In general, I am having the following issue:
I am using mark.parametrize to do the mocking at a test, and when I use the same variable in an argument, mocking is using the data of the previous run instead of what I specify.
Analytically:
At the first 'iteration', in the mark.parametrize I am using mock_data_1 to mock the GetData.get_data(). Then, the test as I would expect mocks the data
here: data = GetData.get_data()
and afterwards it adds a new column to the data data['new_col0']
.
At the second 'iteration', where in the mark.parametrize I am using again mock_data_1, instead of having a new fresh set of mock_data_1, the test uses the previous data, containing the extra column.
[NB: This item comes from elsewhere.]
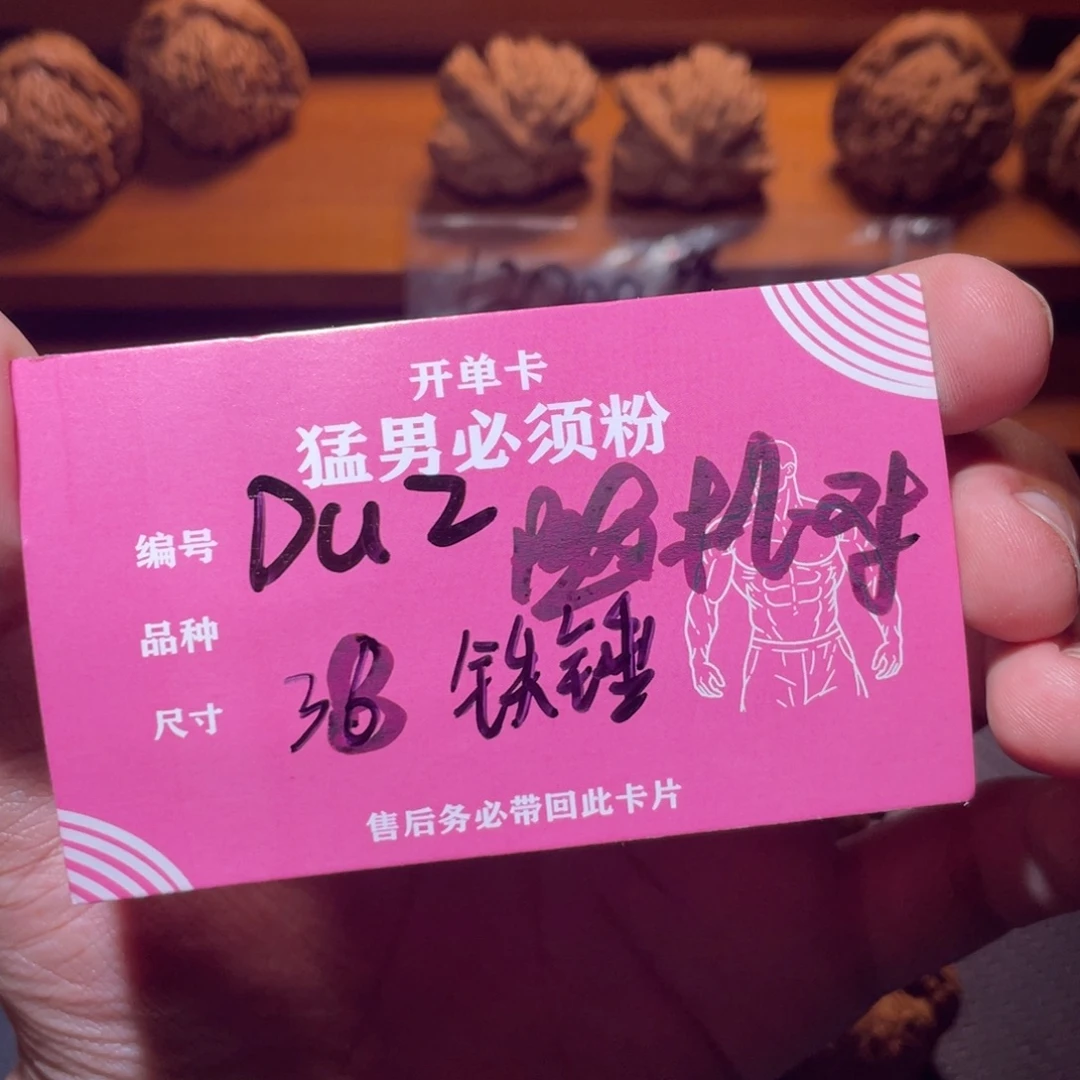 吊坠文玩核桃文玩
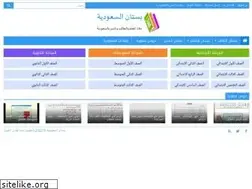 Sites similar to albostane.net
These are some sample files:
file.py
from test_file_get_data import GetData
class MyClass:
def new_dataset(arg):
data = GetData.get_data(arg) # Mock this part
data[f'new_col{arg}'] = arg # New column to data
return data
test_file.py
from file import MyClass
import pandas as pd
import pytest
class TestMyClass:
mock_data_1 = pd.DataFrame({"col_1": [1,2,3]})
arg_1 = 0
arg_2 = 1
output_1 = pd.DataFrame({"col_1": [1,2,3], "new_col0": [0,0,0]})
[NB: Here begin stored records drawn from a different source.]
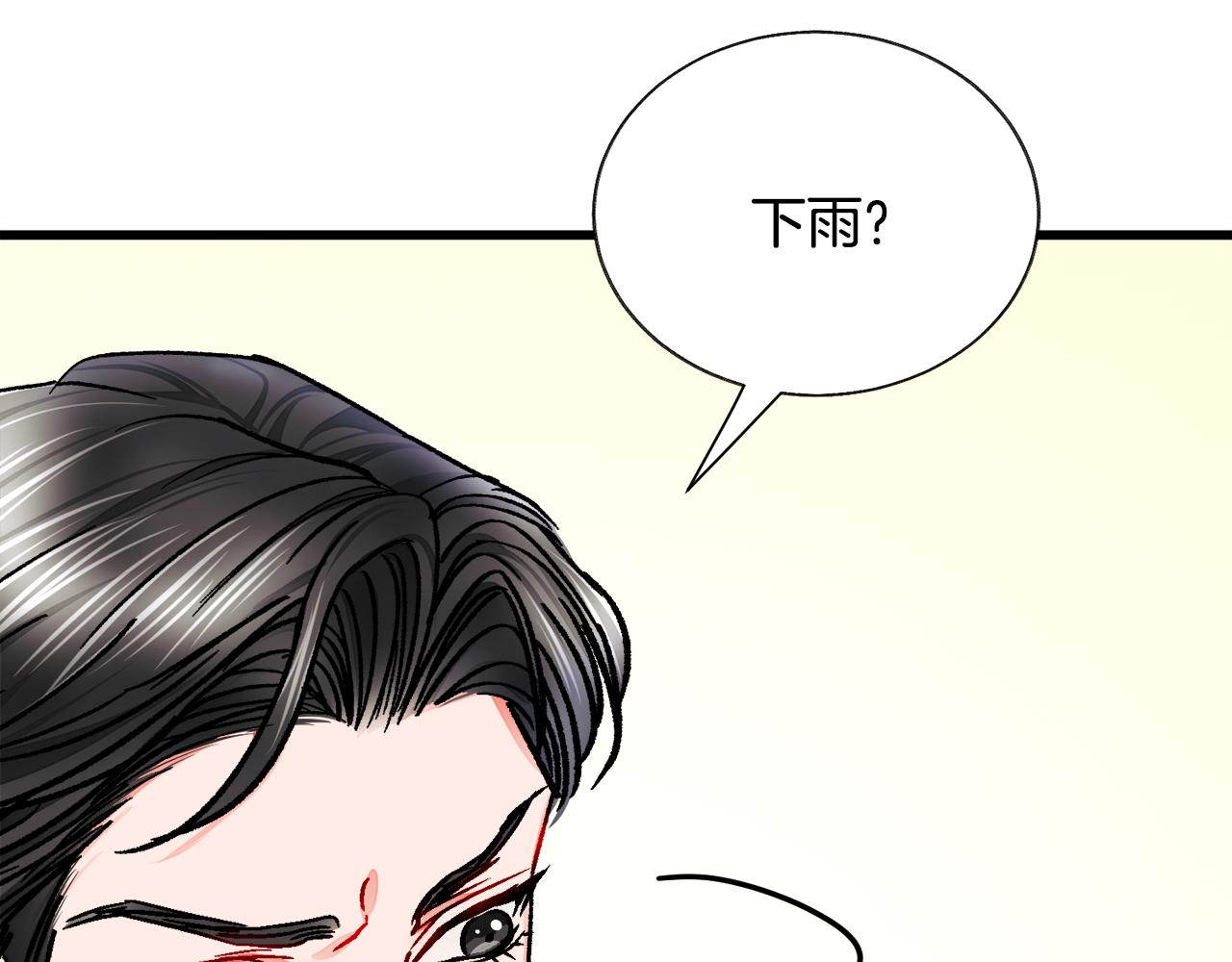 第86话 下雨桥段150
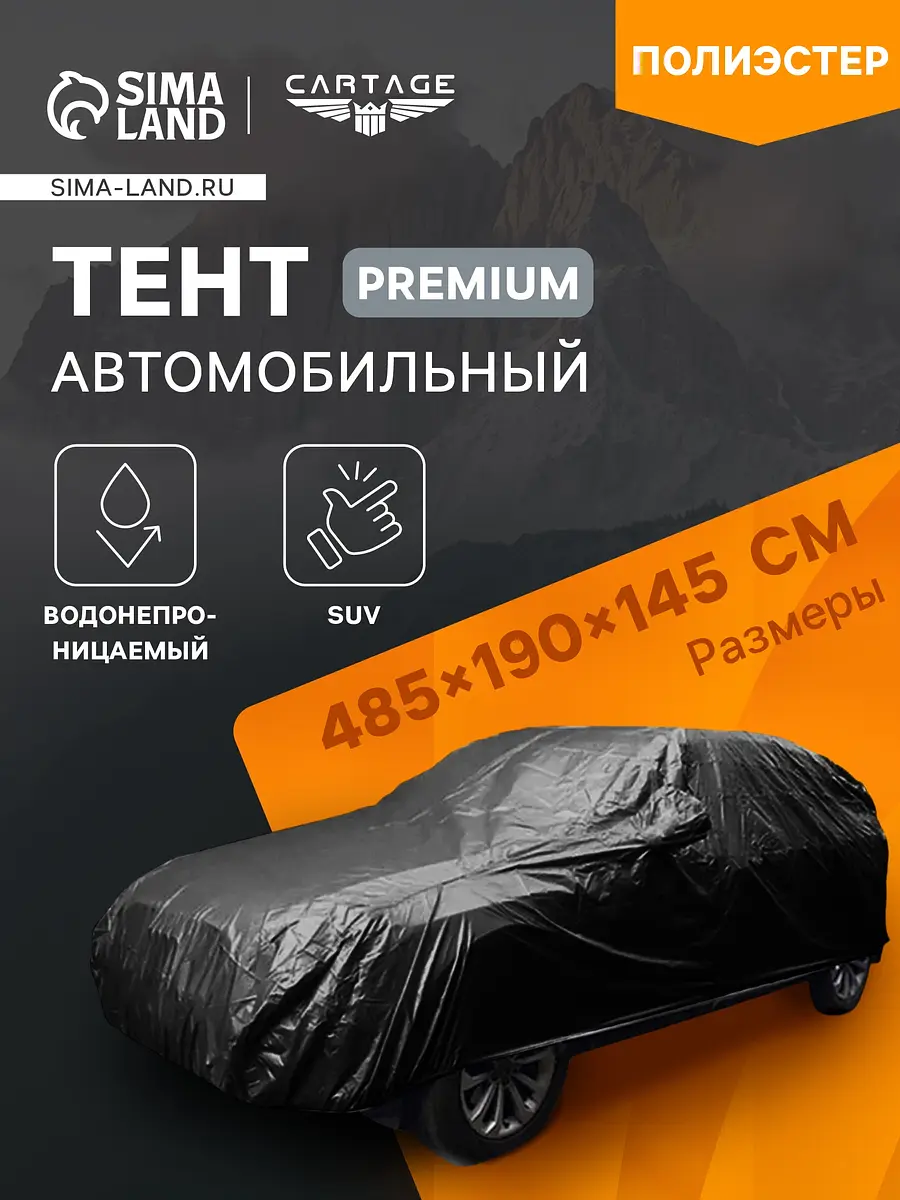 Тент автомобильный Cartage Premium SUV 485×190×145 см
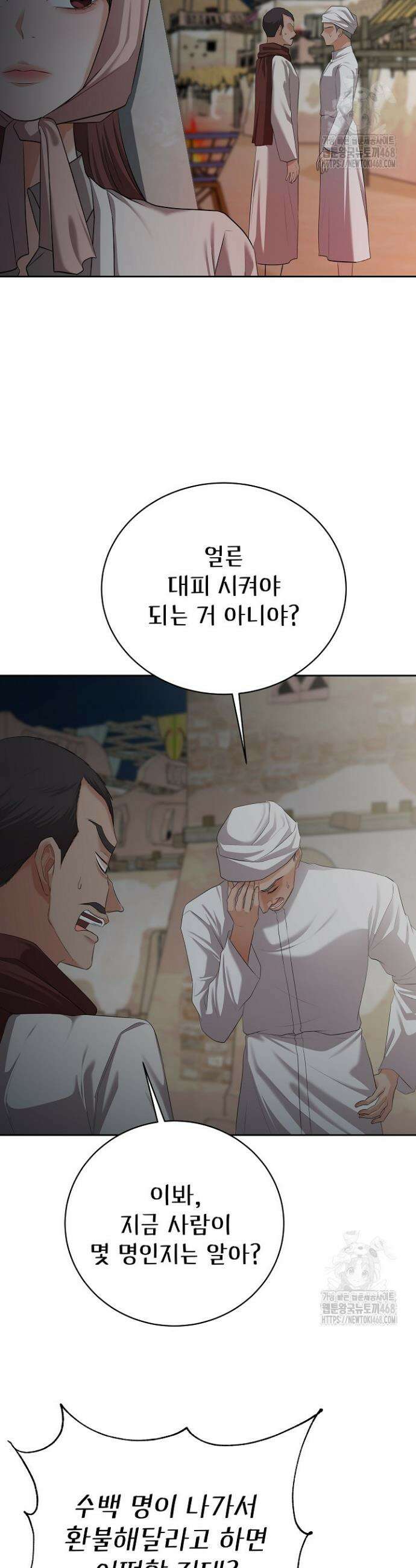 홍 비서에게서 살아남는 법 42화 9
output_2 = pd.DataFrame({"col_1": [1,2,3], "new_col1": [1,1,1]})
@pytest.mark.parametrize(
'mock_arguments, arg, result',
[
(mock_data_1, arg_1, output_1),
(mock_data_1, arg_2, output_2)
]
)
def test_new_dataset(self, mocker, mock_arguments, arg, result):
mocker.patch(
'file.GetData.get_data',
return_value=mock_arguments,
)
print(mock_arguments)
res = MyClass.new_dataset(arg)
print(res)
assert res.to_dict() == result.to_dict()
test_file_get_data.py
import pandas as pd
class GetData:
def get_data(arg):
data = pd.DataFrame({"a":[1, 2, 3]})
return data
So the first test passes, but the second one fails because the data returned is this:
{'col_1': {1, 2, 3},
'new_col0': {0, 0, 0},
'new_col1': {1, 1, 1}}
instead of this:
{'col_1': {1, 2, 3},
'new_col1': {1, 1, 1}}
This issue can be solved if I replace data = GetData.get_data()
with data = GetData.get_data().copy()
, but I am assuming I am doing something wrong in the tests.
Shouldn't the data be refreshed and/or deleted after every iteration? Or what is happening is an expected behavior?